②学校図書館コーディネーターの配置の推進
●
平成 23 年度は、学校図書館活用推進事業として司書資格を持つ
図書館コーディネーターを3~5名配置しました。平成 24 年度
以降も学校図書館活用推進事業を継続し、司書資格を持つ学校図
書館コーディネーターの配置を行います。また、学校司書の配置
を目指します
● PTAやボランティアと共に学校図書館の整備を行う必要があ
ります。
③市民図書館との連携の推進
●
学校図書館コーディネーターは担当する各学校を巡回し、学校
図書の整理・購入や図書館を有効に活用するための様々な業務
を行います。そのために、市民図書館との定期的な情報交換や
研修などを実施し、学校図書館の有効な活用を推進します。
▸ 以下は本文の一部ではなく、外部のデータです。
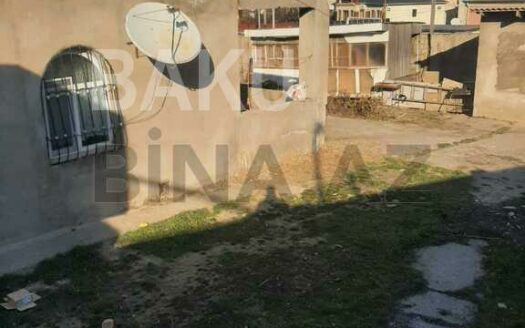 Land for Sale in Baku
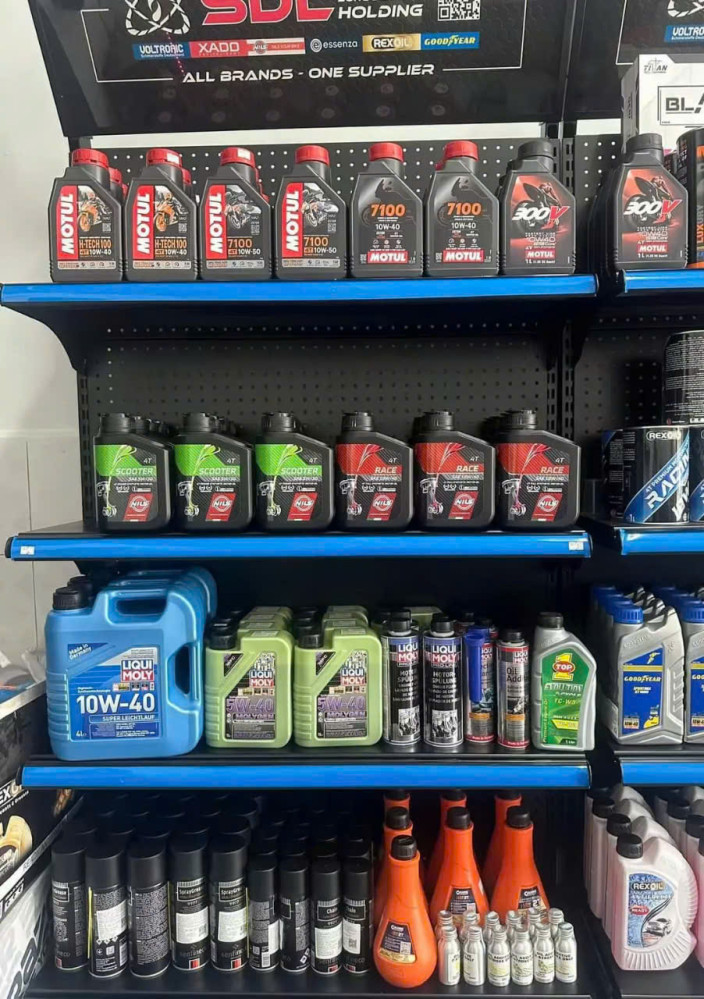 5 Dấu Hiệu Cảnh Báo Xe Máy Của Bạn Sắp "Đổ Bệnh"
ま
た、図書館の情報を担当教諭だけでなく学校全体で共有します。
● 歴史と文化の町宇佐の地域特性として、子どもたちが図書館の
資料を活用して、文化財や郷土の先人たちのことを知る取組み
をします。
④朝読書の実施継続
朝読書については市内全小中学校で行われていますが、実施方法の
違いから課題が生まれています。しかし、学校の実態に合わせつつ、
読書活動の一環として継続します。
⑤地域との連携推進
学校支援地域本部事業を通じて、読み聞かせボランティアとの連携
を進め、地域の歴史や文化を、地域の方と一緒に学びます。
4.財政上の措置
各担当課は予算措置に努めるものとします。